**Problem statement**. The reply should hold only the lines from the one with "Couverture du produit" to the one with "Foreverland: On the", both ends kept, exactly as they appear below, without any pictures.

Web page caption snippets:
• • • • • • •
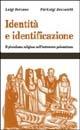 Identità e identificazione. Il pluralismo religioso nell'entroterra palermitano - Luigi Berzano, Pierluigi Zoccatelli - Libro Sciascia 2006, Studi del Centro Intreccialagli | Libraccio.it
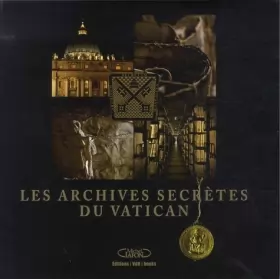 Couverture du produit · Les archives secrètes du Vatican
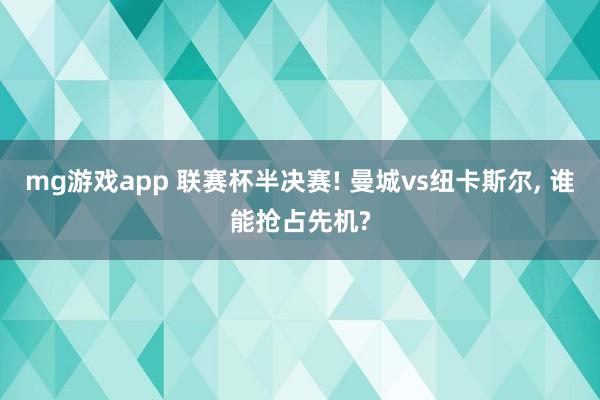 mg游戏app 联赛杯半决赛! 曼城vs纽卡斯尔, 谁能抢占先机?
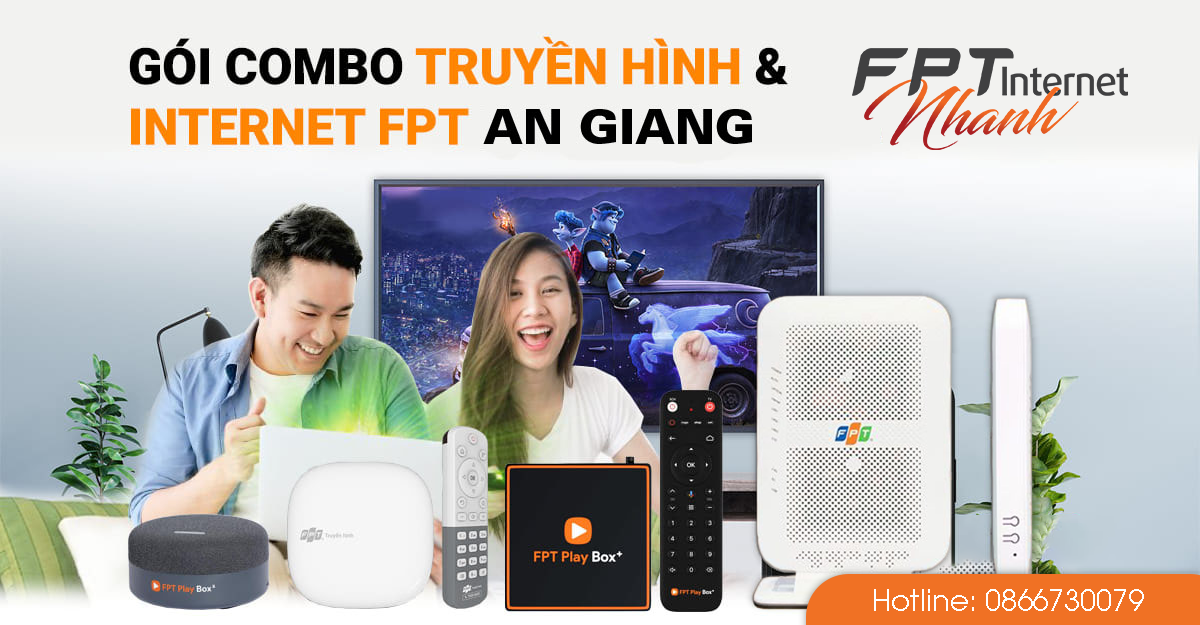 chi tiết giá cước dịch vụ Internet và Truyền hình FPT tại An Giang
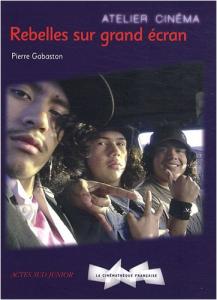 Cover of the book Rebelles sur grand écran - by Pierre Gabaston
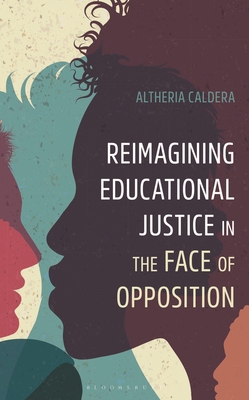Coperta cărții 'Reimagining Educational Justice in the Face of Opposition - Altheria Caldera'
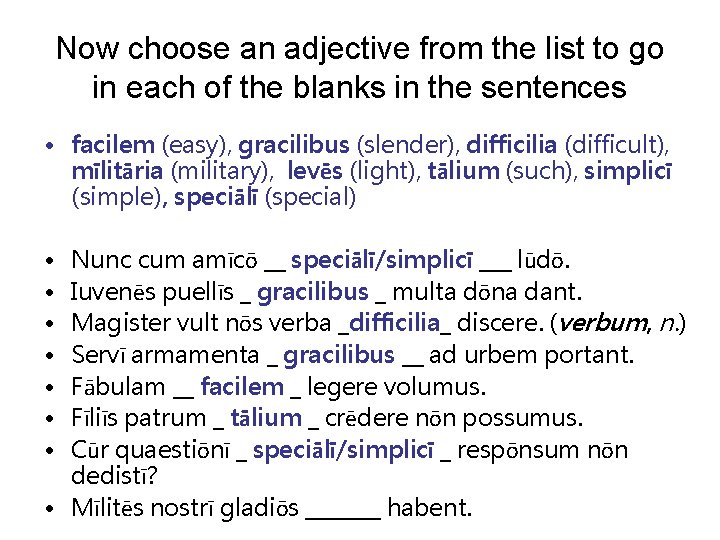 Now choose an adjective from the list to go in each of the blanks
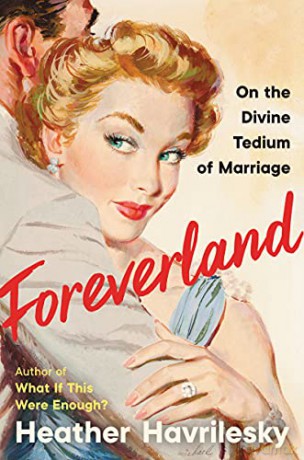 Foreverland: On the Divine Tedium of Marriage - Heather Havrilesky [KSIĄŻKA]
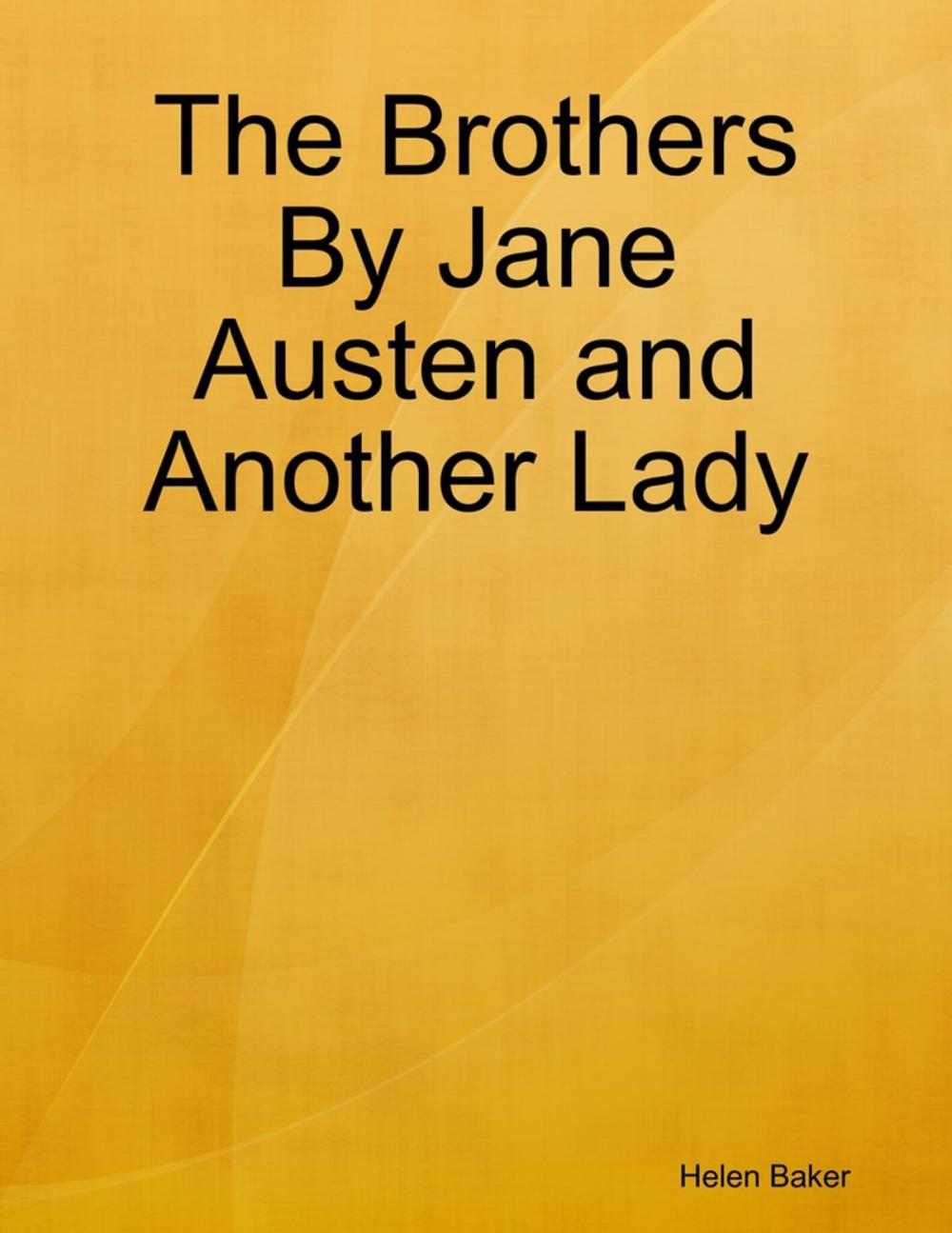 Big bigCover of The Brothers By Jane Austen and Another Lady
• • • • • • •
**Reply to the exercise**.
 Couverture du produit · Les archives secrètes du Vatican
 mg游戏app 联赛杯半决赛! 曼城vs纽卡斯尔, 谁能抢占先机?
 chi tiết giá cước dịch vụ Internet và Truyền hình FPT tại An Giang
 Cover of the book Rebelles sur grand écran - by Pierre Gabaston
Coperta cărții 'Reimagining Educational Justice in the Face of Opposition - Altheria Caldera'
 Now choose an adjective from the list to go in each of the blanks
 Foreverland: On the Divine Tedium of Marriage - Heather Havrilesky [KSIĄŻKA]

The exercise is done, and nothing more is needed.